Последовательно рассмотрев мифолого-семантические связи «небо» — «музыка» и «кузнец» — «музыка», мы приходим к третьей, самой интересной группе связей «кузнец» — «человеческая речь». Для архаического сознания музыкальная гармония естественным образом перетекала в песню, а песня — в обыденную речь. В отечественной традиции речь или слово наиболее тесно связано со светоносным началом, т. е. в конечном итоге с сыном Сварога Дажьбогом, однако имеется целый ряд любопытных данных, связывающих ее и с богом-кузнецом. Сравнительная лингвистика свидетельствует, что уже в индоевропейскую эпоху понятие божества соотносилось со словом и речью: англ. god «бог», но ирл. guth «голос», кимрск. gweddi «речь», литов. zodis «слово»; русск. «бог» (и.-е. bhag-), но и.-е. bha — «говорить», «издавать звуки»; арм. dik «боги», но лат. dicere «говорить»; др.-сев. tifurr «бог», но тох. А tap «громко произносить»; др.-англ. ling «идол», но греч. «говорить». Вслед за этим происходит детализация понятия божества, и понятие речи связывается уже собственно с небом и звездами: тох. А kam «звук», но нем. Himmel «небо»; гот. stibna «голос», но лит. debess «небо»; и.-е. kel — «издавать звуки», но лат. caelum «небо»; и.-е. pal — «просить, умалять», но ирл. spier «небо» (pel-/per-); англ. диал. melt «язык», швед. mal «язык», «речь», но хет. mul «звезда»; др.-англ. tung «язык», но др.-англ. tungol «звезда»; др.-инд. udu «звезда», но и.-е. ued— «говорить»; русск. «звезда», но др.-англ. cwedan «говорить»; алб. hyll «звезда», но и.-е. kel-«говорить»; англ. star «звезда», но литов. tarti «говорить». С появлением кузнечного дела с речью начинает связываться и понятие того или иного металла: др.-инд. varista «медь» < uer — «говорить»; греч. µ «копь», «шахта» > «металл», лат. metallum, но др.-англ. maeplian «говорить», валл. medd «он говорит»; др.-англ. aer, лат. aes, гот. aiz «руда» < er(k)-/rek — «говорить» (ср. нем. Erz); др.-инд. bhadra «железо» < bha «говорить»; русск. «руда», но лат. rudere «реветь», «кричать»; и.-е. ghel(e)gh «железо» (сдвоенная основа, вторая часть которой представлена вариантом с метатезой), но русск. «голос», кимр. galw «звать», «призывать»; кимр. mael «сталь», но швед. mal «язык» (Маковский М. М. Сравнительный словарь мифологической символики в индоевропейских языках, М., 1996, с. 47, 49, 166, 216).
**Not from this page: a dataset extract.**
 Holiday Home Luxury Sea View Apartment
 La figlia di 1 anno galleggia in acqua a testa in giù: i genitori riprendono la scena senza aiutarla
То, что мифологические представления развивались примерно параллельно лингвистическим, доказывают индийский и греческий варианты мифа о боге — нарицателе имен, который в одной из своих ипостасей является именно кузнецом. Один из не очень часто упоминающихся в «Ригведе» богов, Вившвакарман (буквально «Творец всего»), в одном из гимнов характеризуется как тот, «кто один-единственный дает имена богам» (РВ Х, 82, 3). В предшествующем гимне (РВ Х, 81, 2–4) описывается, как этот бог создал Вселенную:

Что это было за местонахождение? Какова точка опоры? Как произошло (то), Благодаря чему Вишвакарман, порождая землю, Открыл небо (своим) величием, (этот) все охватывающий взглядом? Имея повсюду глаза и повсюду лицо, Повсюду — руки и повсюду — ноги, Он сплавляет (все) вместе (своими) руками, (своими) крыльями, Порождая небо и землю, единый бог. Что эта была за древесина и что за дерево, Из чего вытесали небо и землю? О вы, способные думать, спросите же мыслью (своей) о том, На чем стоял он, укрепляя миры?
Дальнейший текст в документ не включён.